El
silencio rimbombante me insta a parlar, no a versos ni a poemas, esta noche
prefiero la prosa antes que cualquier retórica que pudiera acomplejar mi
argumento. No hay más que la calma
taciturna y aquellas palabras que voy pariendo en cada letra que junto y junto
como un panal de abejas que se agrupan de manera tal que se conforman en un
todo, pero que aún así no dejan de ser cada una por separado. A medialuz y ad portas de la medianoche,
comienzo a desvestirme sin pudores. No hay nadie alrededor, menos mojigatería
ni estándares de buen comportamiento, así que nada puede evitar esta complicidad entre mi cuerpo y yo, como una vasta coexistencia secreta de la cual
siempre pasamos enajenados, pero que esta noche he dejado al tapete… recorro
lánguidamente mis espacios, recónditos y juveniles, no tan inocentes ni tampoco
recorridos, pero vividos. Eso es lo que importa, y la piel es un terrible
testigo. El lado izquierdo de la lámpara
permite entrever la silueta gruesa de mis orillas, portentosas de grasa y de
fineza. Cero complicaciones con la balanza, no me importa la talla, al fin y al
cabo, no soy un acordeón de alto colesterol, y las curvas de mi talle son
naturalmente ellas, en esencia y por obra de la creación tantas veces deíctica
y otras tantas rompedoras de mitos, como el útero bendito de nuestra madre
santa, que los dogmas suelen olvidar en su intento de darle valor a la costilla
del mísero hombre que nos dio creación.

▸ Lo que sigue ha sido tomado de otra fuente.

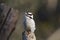 Male Downy Woodpecker perched on stump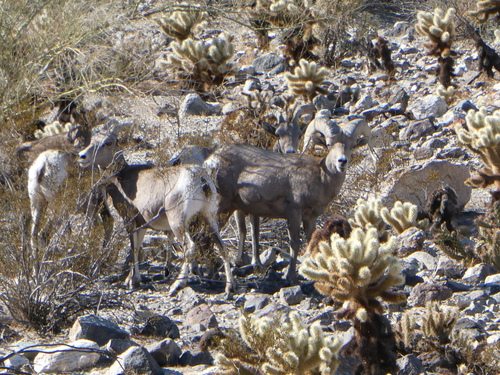 iNaturalist observation photo of Desert Bighorn Sheep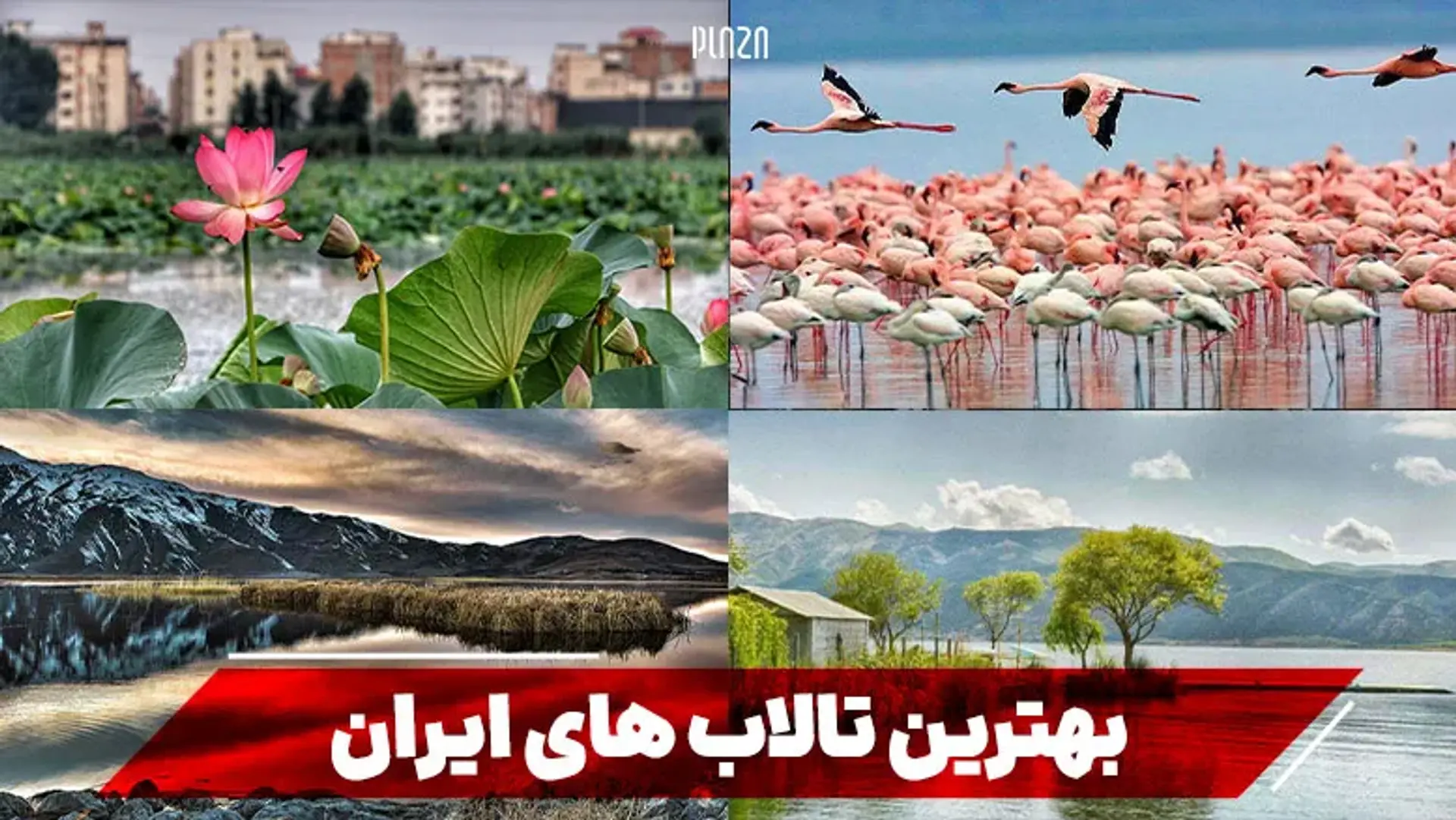 بهترین تالاب های ایران | معرفی 15 مورد از زیباترین تالابهای ایران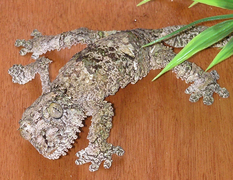 Uroplatus sikorae.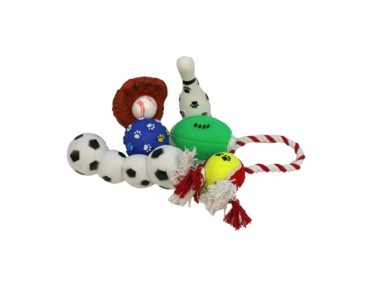 Ensemble de jouets pour animaux de compagnie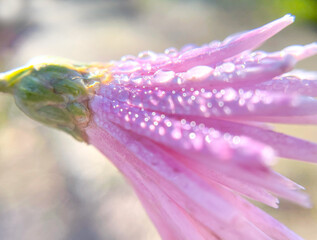 Naklejka premium Beauty of Flowers Drenched in Morning Dew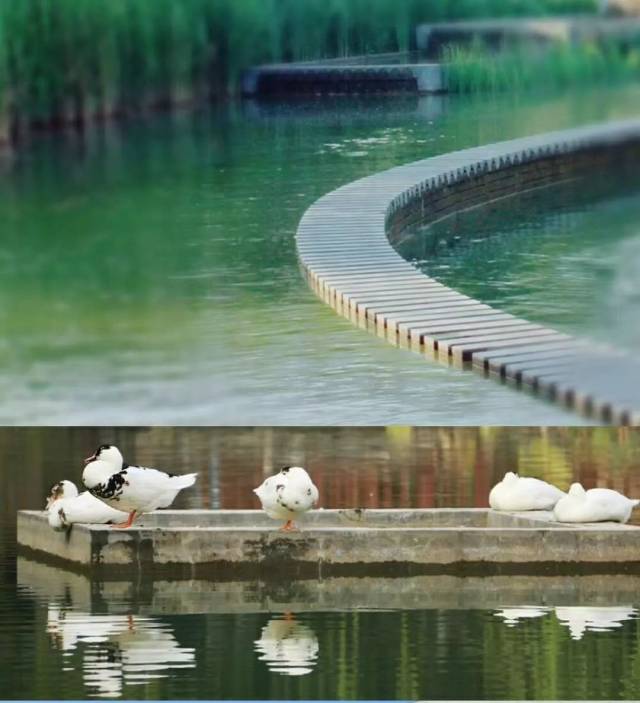 碎心湖绿水满盈,不见一条皱纹 宛如一面明镜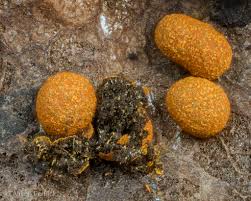 Attēlu rezultāti vaicājumam “Physarum rubiginosum”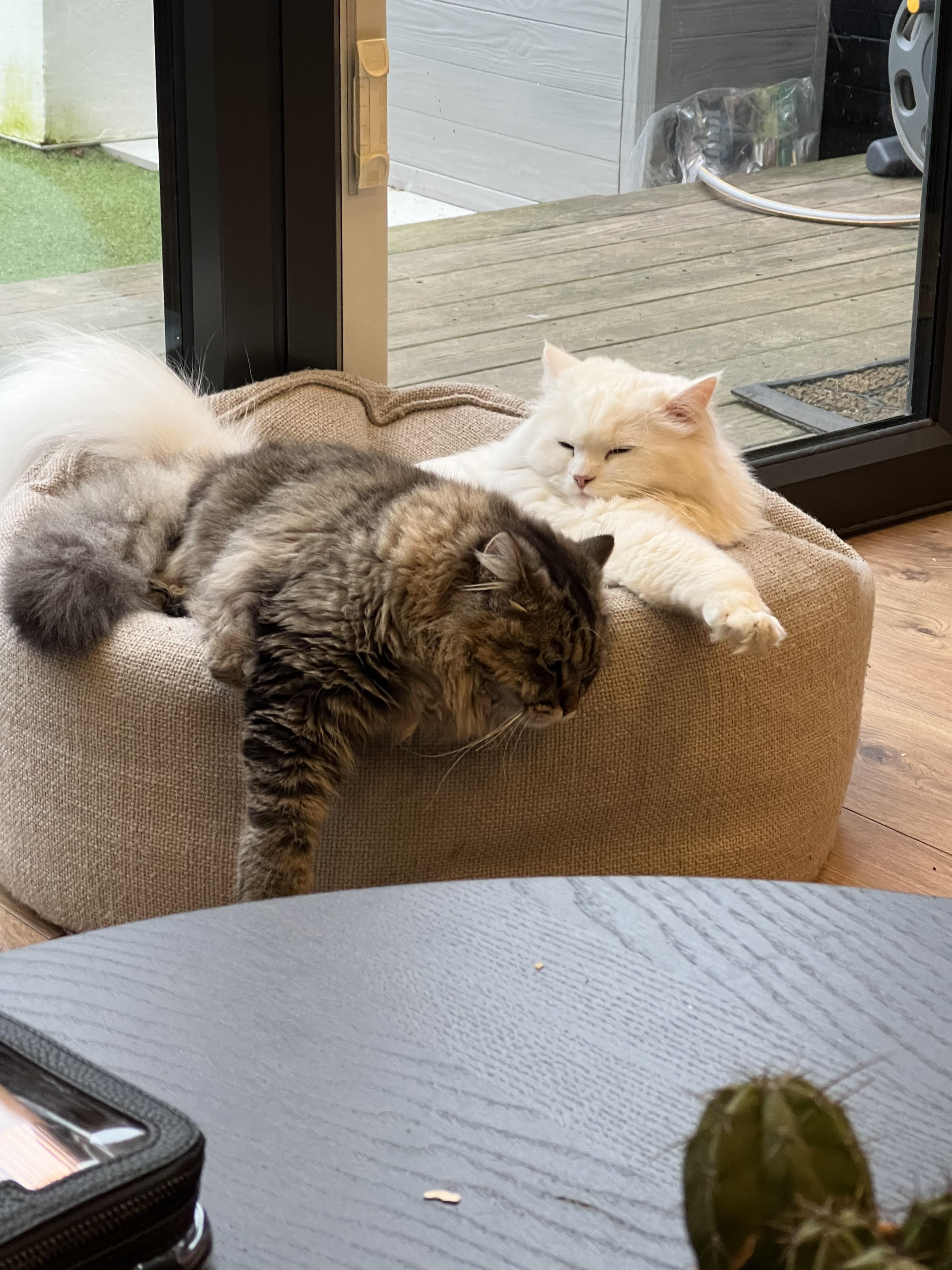 Fiona and Wally, a white fluffy Siberian cat and a brown tabby cat, cuddling in a home.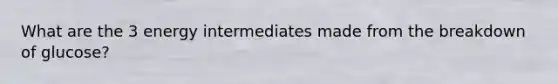 What are the 3 energy intermediates made from the breakdown of glucose?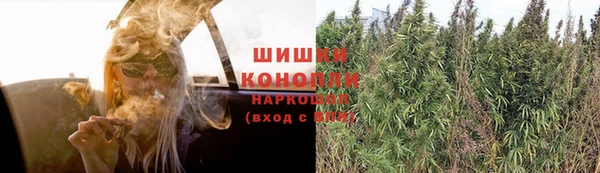 шишки Куйбышев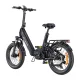 ENGWE L20 3.0 Pro 250W 20\" Folding Electric Bike, Black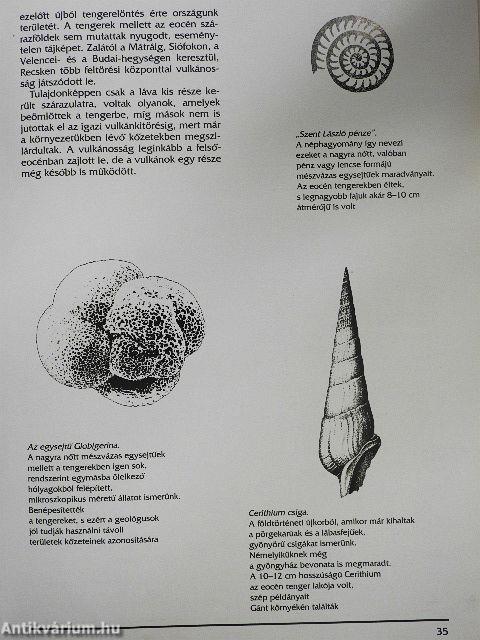 Ősvilágunk képekben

Qué más da, contemplo ahora la redondeada
línea de mis pechos, cuales mangos cargados hacia los lados por tanto néctar
acumulado, sus aureolas parecen teñidas de color mostaza o un tanto capuccino,
dulces como para sentarse a tomar café en un día nublado de Abril, al abrigo de
un cuerpo tibio e indómito – pero no nos desviemos – me observo de perfil y me
parecen armoniosas en su naturaleza, dispuestas y serviciales, no son
atrevidas, menos provocativas… ostentan más bien, un candor exótico o un tanto
enigmático, de simil ternura y lentitud en las caricias, cariñosas pero amantes
a la vez, me parecen que contraen una paradoja digna de ser explicada en un
simposio de lenguaje connotativo acerca de los senos y sus personalidades (o
pechonalidades?)
Si
bajo la vista, observo aquel sendero tan reconocido por mis ojos, y persigo el
camino de los amantes contrariados. No sé cuantos han podido llegar a destino,
pero creo que no se han quejado de los valles en que posan sus amores, sus
pasiones coléricas, aproximadas al fuego íntegro de una hoguera en pleno
invierno. Es groso en el ombligo, con adiposidades de gastronomías infinitas y
calóricas posadas a los lados del bajo vientre, que mecánicamente le llamarían
neumáticos, pero a mi vista son mis más preciados testimonios. Hasta les quiero
y en compañía del espejo jamás me han avergonzado, arriesgando incluso a decir
que me enorgullezco de ellas, no pretendo ganar concursos de belleza, ni
modelar, mucho menos escatimar esfuerzos en ser como aquellas muchachas de las
revistas yanquis. Mis pasiones en cambio, son más hondas y simples: leer, hacer
el amor, comer bien, escribir, escribir y escribir hasta aletargarme de
palabras. Para qué hablar del vértice en flor, con los cabellos intactos,
salvajes y ocultos. No hay nada al respecto que pueda manifestar, solo precisar
que la apertura inexorable de la naturaleza mujeril, alcanza límites
desconocidos hasta por la misma ciencia, pero próximos para la literatura, los
mundos de la mujer caben todas en aquella obertura, los gemidos y los placeres
varios, se resumen en la Venus constelación mayor, de la cual es mejor
vivenciarlo, antes que describirlo.
Como
verán, ante los ojos de nadie y solo míos, me hallo eterna y caduca,
inverosímil y subversiva. Quiero las orillas de mis codos, y hasta los lugares
menos conocidos les hallo cierta cordialidad. Recuerdo que una vez, el mengano
dijo que era blanca como la punta de aquella cordillera andina, tal corpórea
humanidad de los australes devenires, tan sazonada con la pulcra sureña región
de los últimos recodos de estos lados, que en mi, soy toda una llamativa exhibición
en desmedro de las norteñas. Será que trató de quererme, como yo me atengo a mi
cuerpo, tan pecador ante el Dios, tan sereno ante este escenario que invoco,
tan sumiso, tan monja, tan digno de escribirlo.
Pueden
comprender ahora, porque preferí la prosa.